Black History Month - Limited One-Time Event
Film followed by a panel discussion hosted by filmmaker Dudley Alexis and featuring Nadege Green (journalist & community historian).
The Black Power Mixtape 1967 – 1975 mobilizes a treasure trove of 16mm material shot by Swedish journalists who came to the US drawn by stories of urban unrest and revolution. Gaining access to many of the leaders of the Black Power Movement—Stokely Carmichael, Bobby Seale, Angela Davis and Eldridge Cleaver among them—the filmmakers captured them in intimate moments and remarkably unguarded interviews. Thirty years later, this lush collection was found languishing in the basement of the Swedish National Broadcasting Company. Director Göran Olsson and co-producer Danny Glover bring this footage to light in a mosaic of images, music and narration chronicling the evolution one of our nation’s most indelible turning points, the Black Power movement.

Dudley Alexis is an independent filmmaker who uses his lens to document the stories of people who are often overlooked. His storytelling is able to reveal their tales of tragedy and triumph, all while emphasizing their drive for dignity and equality in a world that frequently marginalizes them. His work focuses on the intersections between social justice, climate change, economics, and cultural memory.
Dudley began his career as a filmmaker and visual artist in Miami, Florida, where he started producing short documentary pieces focused on the First Nation Miccosukee Tribe of Florida. His body of work has since grown to include several impactful documentaries, such as Liberty in a Soup (2016), which was recognized by UNESCO following the designation of Soup Joumou as an intangible cultural heritage. His acclaimed documentary, When Liberty Burns, offers an in-depth exploration of the life and tragic death of Arthur McDuffie at the hands of Miami-Dade police in 1979. This film earned nominations for both the Suncoast Regional Emmy Awards and the Knight Made in Miami Film Award.
Recent works include the Edge of Hope, an examination of communities grappling with the frontlines of climate injustice in Miami, Florida. The Creole Pig: Haiti’s Great Loss (released on WLRN and PBS in 2025), tells the story of a vital and resilient animal central to Haitian rural life that was eradicated in the 1980s by the USDA and Haitian government—an event that deepened the country’s economic challenges.

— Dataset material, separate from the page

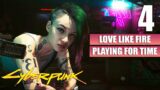 Cyberpunk 2077 – Love Like Fire – Playing for Time – Gameplay Part 4 Walkthrough No Commentary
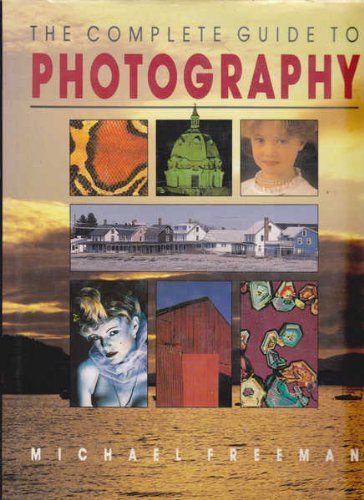 9781853482021: Complete Guide to Photography [Hardcover] by Freeman, Michael A.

Nadege Green is a multidisciplinary creative and public historian whose practice sits at the intersection of archival excavation and storytelling. A lifelong Miamian, she engages Black Miami as both subject and site, centering the lives, resistance, and everyday contributions of Black people in this Magic City shaped by the Deep South and the Caribbean.
Her interdisciplinary public history work engages oral history, narrative, archives, image, sound, and installation to document and interpret Miami’s Black history. Green’s practice underscores the vital role of memory work across mediums.
She is the founder of Black Miami-Dade, an acclaimed history and creative studio dedicated to resisting the erasure of Miami’s Black past. Through an expansive digital footprint and sustained in-person workshops, exhibitions, and site-based interventions, Black Miami-Dade brings communities together across platforms and generations, reaching more than 50,000 people online while anchoring its work in Miami through community-centered activations.
Green is a Senior Civic Media Fellow at the Annenberg Innovation Lab at the University of Southern California and most recently served as Distinguished Writer in Residence at the Center for Black Visual Culture at New York University. In 2022, she was appointed the inaugural Scholar in Residence at the Center for Global Black Studies at the University of Miami.
She is the editor of the anthology More Than What Happened: The Aftermath of Gun Violence in Miami and an award-winning journalist whose work has appeared in The Atlantic, Harper’s Bazaar, the Miami Herald, NPR and the Journal of Haitian Studies.
The daughter of Haitian immigrants and former farmworkers, Green was born and raised in the county of Dade.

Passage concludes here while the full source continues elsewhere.